Pick every line out of the entries below that has the string "Mercedes", and copy it.

################

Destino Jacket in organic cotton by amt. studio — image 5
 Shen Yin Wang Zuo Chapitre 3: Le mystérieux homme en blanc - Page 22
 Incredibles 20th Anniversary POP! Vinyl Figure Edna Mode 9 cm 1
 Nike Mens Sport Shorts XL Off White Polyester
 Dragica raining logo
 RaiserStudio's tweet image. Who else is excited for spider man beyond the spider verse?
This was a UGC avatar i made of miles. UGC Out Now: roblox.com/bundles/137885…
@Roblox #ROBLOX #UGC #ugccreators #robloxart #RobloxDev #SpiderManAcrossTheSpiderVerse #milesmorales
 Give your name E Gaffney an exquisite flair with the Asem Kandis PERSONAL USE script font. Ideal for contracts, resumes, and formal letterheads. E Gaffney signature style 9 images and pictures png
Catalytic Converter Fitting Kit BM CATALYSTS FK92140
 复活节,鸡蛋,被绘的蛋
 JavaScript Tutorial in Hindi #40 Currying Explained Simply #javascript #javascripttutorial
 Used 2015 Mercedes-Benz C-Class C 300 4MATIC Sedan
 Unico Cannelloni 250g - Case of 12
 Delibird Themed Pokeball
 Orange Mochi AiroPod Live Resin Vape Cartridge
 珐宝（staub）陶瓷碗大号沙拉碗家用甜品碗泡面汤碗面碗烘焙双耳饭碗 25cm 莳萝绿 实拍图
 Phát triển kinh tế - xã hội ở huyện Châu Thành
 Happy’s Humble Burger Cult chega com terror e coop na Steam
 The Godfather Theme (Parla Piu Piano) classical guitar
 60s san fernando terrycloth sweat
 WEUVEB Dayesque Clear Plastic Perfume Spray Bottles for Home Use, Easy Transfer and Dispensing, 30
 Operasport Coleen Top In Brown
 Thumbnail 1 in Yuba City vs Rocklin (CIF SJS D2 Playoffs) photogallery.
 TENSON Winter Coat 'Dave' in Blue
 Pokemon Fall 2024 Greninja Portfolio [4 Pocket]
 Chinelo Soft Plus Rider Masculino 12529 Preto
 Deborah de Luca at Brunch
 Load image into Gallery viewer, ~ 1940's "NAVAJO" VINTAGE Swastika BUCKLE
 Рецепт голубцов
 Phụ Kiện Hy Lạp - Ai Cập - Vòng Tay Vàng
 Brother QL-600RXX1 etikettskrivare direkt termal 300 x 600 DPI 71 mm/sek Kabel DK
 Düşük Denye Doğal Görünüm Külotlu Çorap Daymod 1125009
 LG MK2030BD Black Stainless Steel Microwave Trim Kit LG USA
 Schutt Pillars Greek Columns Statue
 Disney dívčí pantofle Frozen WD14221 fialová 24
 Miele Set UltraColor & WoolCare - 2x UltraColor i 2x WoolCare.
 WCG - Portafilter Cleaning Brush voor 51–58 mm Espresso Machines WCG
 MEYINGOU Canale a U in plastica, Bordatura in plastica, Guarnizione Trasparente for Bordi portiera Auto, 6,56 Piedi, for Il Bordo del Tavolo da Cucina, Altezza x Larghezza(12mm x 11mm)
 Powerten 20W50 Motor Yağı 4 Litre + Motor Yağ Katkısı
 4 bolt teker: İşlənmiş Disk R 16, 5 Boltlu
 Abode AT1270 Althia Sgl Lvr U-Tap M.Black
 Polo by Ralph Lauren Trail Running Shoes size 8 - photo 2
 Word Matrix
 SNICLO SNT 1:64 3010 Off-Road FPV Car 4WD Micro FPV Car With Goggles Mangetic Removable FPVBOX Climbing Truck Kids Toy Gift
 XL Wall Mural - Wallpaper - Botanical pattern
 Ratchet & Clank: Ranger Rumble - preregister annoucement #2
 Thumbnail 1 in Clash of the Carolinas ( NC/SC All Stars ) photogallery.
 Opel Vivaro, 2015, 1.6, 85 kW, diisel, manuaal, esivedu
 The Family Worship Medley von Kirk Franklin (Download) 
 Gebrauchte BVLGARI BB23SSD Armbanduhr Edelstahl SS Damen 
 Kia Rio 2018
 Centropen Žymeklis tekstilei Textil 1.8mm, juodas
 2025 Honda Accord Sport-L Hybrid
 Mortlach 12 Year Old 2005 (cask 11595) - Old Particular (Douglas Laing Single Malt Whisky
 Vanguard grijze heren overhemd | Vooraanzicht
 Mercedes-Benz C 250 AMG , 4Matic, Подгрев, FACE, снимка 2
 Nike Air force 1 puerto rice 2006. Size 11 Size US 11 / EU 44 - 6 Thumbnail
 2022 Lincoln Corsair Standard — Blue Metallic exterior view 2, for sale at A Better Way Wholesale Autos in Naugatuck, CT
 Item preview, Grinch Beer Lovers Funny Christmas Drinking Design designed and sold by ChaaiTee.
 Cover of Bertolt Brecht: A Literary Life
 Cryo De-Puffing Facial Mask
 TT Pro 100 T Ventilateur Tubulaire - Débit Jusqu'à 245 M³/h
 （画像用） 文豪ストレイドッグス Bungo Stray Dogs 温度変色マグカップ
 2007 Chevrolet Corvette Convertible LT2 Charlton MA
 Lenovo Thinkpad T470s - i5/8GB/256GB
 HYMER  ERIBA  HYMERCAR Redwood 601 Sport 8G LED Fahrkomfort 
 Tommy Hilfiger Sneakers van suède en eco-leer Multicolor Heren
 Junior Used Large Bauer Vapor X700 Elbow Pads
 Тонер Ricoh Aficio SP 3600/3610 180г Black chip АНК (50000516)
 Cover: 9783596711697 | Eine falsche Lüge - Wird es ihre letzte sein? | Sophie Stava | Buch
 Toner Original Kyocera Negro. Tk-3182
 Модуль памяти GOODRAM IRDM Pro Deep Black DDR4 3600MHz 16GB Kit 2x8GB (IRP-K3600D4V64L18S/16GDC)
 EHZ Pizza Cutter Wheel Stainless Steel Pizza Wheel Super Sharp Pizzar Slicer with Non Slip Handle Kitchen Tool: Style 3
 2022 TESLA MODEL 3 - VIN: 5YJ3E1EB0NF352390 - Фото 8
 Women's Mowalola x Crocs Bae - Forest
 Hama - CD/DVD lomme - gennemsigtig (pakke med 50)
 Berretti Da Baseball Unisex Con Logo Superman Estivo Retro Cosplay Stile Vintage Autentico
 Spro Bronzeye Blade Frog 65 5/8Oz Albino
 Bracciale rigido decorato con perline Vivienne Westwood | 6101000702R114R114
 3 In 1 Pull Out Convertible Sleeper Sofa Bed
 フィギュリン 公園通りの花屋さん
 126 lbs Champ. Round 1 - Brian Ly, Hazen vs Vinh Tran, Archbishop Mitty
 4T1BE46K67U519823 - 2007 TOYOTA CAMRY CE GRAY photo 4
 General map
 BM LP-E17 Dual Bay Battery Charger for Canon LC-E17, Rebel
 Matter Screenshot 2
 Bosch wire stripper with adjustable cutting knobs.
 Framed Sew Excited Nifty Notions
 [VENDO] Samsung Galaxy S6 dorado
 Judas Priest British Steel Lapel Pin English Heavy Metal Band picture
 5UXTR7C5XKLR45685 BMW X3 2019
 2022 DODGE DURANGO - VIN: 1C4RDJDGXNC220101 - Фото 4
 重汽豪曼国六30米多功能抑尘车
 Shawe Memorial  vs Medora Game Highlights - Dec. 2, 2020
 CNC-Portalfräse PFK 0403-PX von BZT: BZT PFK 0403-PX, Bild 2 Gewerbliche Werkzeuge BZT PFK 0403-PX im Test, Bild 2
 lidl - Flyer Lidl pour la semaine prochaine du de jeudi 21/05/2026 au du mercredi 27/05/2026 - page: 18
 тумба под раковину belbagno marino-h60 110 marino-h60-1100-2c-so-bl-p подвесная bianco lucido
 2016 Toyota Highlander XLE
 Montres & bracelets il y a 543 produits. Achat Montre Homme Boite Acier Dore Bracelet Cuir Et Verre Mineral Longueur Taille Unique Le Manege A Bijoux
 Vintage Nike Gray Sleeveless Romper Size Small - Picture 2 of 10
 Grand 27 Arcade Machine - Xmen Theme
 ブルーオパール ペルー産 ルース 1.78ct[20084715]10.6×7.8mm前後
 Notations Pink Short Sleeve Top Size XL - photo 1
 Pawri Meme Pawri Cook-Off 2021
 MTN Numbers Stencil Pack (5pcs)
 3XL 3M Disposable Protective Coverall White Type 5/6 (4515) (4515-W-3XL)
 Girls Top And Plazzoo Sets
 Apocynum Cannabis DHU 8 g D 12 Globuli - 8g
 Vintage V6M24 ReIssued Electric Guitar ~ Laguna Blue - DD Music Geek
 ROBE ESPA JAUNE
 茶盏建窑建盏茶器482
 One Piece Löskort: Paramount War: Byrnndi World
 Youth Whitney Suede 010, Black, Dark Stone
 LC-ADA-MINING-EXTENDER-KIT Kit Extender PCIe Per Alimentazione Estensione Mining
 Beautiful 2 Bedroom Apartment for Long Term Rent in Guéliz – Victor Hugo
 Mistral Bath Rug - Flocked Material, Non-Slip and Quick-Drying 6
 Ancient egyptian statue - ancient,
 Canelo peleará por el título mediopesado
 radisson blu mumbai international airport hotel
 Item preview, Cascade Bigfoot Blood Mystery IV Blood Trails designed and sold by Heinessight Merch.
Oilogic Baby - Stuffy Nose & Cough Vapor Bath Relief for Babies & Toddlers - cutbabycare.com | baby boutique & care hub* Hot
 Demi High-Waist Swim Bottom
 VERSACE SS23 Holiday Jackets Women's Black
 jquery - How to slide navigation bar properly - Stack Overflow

################

== Your response ==
 Used 2015 Mercedes-Benz C-Class C 300 4MATIC Sedan
 Mercedes-Benz C 250 AMG , 4Matic, Подгрев, FACE, снимка 2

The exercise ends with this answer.